Segal didn't succeed just because he had an eye for style.

He is extremely cautious, always fretting, never wanting to make a wrong move. One of his favorite sayings is "Stay humble; stay nervous," and he does.

What has Segal got to be nervous about these days?

"We're on the knife's edge. If we become too much of a business, we end up being boring. If we are too creative, we become an art museum," he said.

That attitude has saved him, retail experts say, from the error most successful retailers make at one time or another — overexpansion.

But Segal's intense need to control risk has limited growth and allowed some Crate & Barrel wannabes to get a foothold in moderately large cities not on his radar screen.

Opening 117 stores in four decades is hardly a record-setting pace.

Meanwhile, Pottery Barn has grown to a chain of more than 200 stores, and Pier I, founded in California the same year as Crate & Barrel, has more than 900 stores in 48 states. It has plans to open 100 more during its current fiscal year.

Budget-oriented chain

Segal has shown the same restraint with the one new chain he has created: CB2, a less expensive version of Crate & Barrel designed to appeal to budget-minded young people.

After almost three years, there is still one CB2. The delay in a rollout prompted some to claim the prototype a failure. When a retailing newsletter gave the store a lackluster review, Segal was on the phone taking issue with the critique.

"I don't think I have a thin skin, but we're very sensitive about our culture," Segal said.

"We work so hard to do it right. I don't mind criticism. I mind stupid criticism."

As for the delay in rolling out CB2, Segal said he just wanted to make sure the formula was right. After last year's big jump in sales, Segal is convinced.

Two new stores for the Chicago area are in the works, and plans are being made to bring CB2 to Boston, Washington and New York. Eventually the chain might number 100 stores or more.

Crate & Barrel's other growth vehicle is Land of Nod, an upscale children's furniture and accessories catalog in Wheeling, Ill., that Crate bought 50 percent of two years ago.

With Crate's assistance and financial support, Land of Nod is rolling out its first stores.

Concerned about consistency

But as Crate & Barrel's expansion picks up speed, it could become more difficult to keep the company's famous consistency intact.

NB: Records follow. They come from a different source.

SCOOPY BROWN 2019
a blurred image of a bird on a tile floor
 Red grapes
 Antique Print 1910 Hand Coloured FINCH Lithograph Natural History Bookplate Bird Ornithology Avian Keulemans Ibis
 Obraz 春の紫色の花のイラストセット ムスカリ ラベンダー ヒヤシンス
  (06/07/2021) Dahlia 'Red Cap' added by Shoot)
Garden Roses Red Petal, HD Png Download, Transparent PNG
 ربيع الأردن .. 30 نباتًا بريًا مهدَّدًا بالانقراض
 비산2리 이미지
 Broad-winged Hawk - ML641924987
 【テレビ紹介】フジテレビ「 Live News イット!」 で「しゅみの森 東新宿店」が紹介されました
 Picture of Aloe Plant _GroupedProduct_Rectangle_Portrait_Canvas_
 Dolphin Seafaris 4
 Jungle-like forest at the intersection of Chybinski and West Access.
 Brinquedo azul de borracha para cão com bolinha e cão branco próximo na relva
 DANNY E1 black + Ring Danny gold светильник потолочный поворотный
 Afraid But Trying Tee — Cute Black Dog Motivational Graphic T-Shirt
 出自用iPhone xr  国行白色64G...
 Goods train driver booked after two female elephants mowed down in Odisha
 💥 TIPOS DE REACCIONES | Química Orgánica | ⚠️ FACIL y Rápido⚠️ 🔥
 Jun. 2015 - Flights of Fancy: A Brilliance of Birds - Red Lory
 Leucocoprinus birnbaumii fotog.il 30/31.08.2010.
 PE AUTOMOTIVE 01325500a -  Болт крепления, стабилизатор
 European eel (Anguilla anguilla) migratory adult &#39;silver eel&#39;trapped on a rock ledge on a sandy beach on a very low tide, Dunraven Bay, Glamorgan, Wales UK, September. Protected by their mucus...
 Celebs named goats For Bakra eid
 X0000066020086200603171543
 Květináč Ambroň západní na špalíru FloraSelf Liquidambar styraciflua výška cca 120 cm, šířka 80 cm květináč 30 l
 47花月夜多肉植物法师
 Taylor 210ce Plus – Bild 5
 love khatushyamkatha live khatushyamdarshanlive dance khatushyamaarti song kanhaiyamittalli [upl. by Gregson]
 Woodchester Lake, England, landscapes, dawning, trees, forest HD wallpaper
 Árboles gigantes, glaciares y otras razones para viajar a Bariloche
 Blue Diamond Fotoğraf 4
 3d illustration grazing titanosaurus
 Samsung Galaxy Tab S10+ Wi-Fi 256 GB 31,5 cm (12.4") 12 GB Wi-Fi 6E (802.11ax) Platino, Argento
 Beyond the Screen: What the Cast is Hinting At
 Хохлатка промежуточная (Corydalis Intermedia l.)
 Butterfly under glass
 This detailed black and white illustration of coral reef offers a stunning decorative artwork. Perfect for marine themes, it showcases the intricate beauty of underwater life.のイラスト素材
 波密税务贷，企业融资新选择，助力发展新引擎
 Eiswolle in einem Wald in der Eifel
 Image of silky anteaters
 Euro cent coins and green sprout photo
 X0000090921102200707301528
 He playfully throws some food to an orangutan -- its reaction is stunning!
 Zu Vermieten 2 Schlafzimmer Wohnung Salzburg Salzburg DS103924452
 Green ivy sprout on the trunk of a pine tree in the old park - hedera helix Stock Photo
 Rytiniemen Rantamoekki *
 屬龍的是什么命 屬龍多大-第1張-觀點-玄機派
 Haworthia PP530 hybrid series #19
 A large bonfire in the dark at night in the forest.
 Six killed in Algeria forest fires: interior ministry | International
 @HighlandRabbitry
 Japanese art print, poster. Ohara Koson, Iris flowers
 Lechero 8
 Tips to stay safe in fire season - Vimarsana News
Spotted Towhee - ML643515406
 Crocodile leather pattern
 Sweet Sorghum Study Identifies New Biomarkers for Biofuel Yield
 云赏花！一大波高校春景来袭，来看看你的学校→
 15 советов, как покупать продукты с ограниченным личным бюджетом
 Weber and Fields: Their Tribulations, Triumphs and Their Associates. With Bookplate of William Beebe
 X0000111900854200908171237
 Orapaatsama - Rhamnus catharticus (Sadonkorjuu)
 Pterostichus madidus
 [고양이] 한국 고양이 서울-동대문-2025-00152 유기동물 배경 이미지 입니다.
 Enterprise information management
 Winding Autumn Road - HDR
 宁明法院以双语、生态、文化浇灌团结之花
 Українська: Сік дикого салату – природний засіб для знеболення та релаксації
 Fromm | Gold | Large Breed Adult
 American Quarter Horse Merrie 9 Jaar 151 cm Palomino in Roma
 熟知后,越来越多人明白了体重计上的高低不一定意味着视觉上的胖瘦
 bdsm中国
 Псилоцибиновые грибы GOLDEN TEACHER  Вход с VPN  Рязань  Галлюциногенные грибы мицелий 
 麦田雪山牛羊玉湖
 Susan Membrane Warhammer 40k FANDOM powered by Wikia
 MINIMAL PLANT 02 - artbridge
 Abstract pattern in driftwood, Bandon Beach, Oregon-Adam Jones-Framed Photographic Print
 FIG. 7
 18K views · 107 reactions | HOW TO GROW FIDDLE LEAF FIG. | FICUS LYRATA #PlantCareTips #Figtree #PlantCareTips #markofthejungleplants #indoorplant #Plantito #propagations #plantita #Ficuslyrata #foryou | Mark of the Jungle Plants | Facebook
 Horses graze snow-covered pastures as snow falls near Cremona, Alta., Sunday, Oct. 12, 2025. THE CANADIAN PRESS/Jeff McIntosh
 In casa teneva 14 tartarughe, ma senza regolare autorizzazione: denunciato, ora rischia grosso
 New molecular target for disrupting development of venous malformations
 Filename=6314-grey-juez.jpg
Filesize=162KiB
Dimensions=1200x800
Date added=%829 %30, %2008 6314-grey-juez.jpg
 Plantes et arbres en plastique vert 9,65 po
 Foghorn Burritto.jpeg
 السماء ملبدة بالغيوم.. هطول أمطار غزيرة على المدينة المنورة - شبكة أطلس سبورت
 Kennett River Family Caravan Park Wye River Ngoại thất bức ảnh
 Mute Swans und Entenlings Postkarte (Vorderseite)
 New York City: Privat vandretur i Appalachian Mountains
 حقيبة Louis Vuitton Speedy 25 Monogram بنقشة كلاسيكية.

Crate has had remarkable continuity in its management ranks. Many employees have been with the company for decades. Only three of 13 people in a photo of Crate & Barrel's management team in 1984 are no longer with the company.

Such longevity is virtually unheard of in retailing, and experts often cite it as one of the keys to the chain's long-running success.

Even so, Turf, Crate's president since 1996, may never become CEO. She says she doesn't care and won't hang on indefinitely waiting for it to happen.

"I don't have the desire to be CEO to have the company run differently. I feel like I run my own merchandising show," Turf said, adding, "I think you can overstay. I don't want to walk in here when I'm in my 80s."

Otto Versand might have its own ideas about who carries on.

Martin Zaepfel, the Otto Versand executive to whom Segal reports and also the chief executive officer of Spiegel Group, said his company is too smart to meddle with Crate & Barrel's success.

Of course, Michael Otto, chief executive officer of Otto Versand, promised the same kind of hands-off approach when his family bought control of Spiegel in 1982.

Work in progress

Spiegel, parent of Redmond-based Eddie Bauer, did enjoy lots of freedom until the Downers Grove, Ill.-based company stumbled in the late 1990s. After a few years of ongoing setbacks, Otto dispatched Zaepfel to turn Spiegel around. That's still a work in progress.

Those who know Segal are positive he ensured autonomy for Crate & Barrel as part of the sale. And Segal said there's no reason to worry German business rigidity could undermine Crate & Barrel's tightly knit, creative culture.

But if Crate & Barrel ever goes into decline, the temptation to take control might be too great to resist.

For now, Segal said he has no plans to retire, and he isn't worried about hanging around too long. Spouse Carol agrees that's the right course.

"I always say the business was our first child," she said. "This is not just a job for Gordon. It's his life."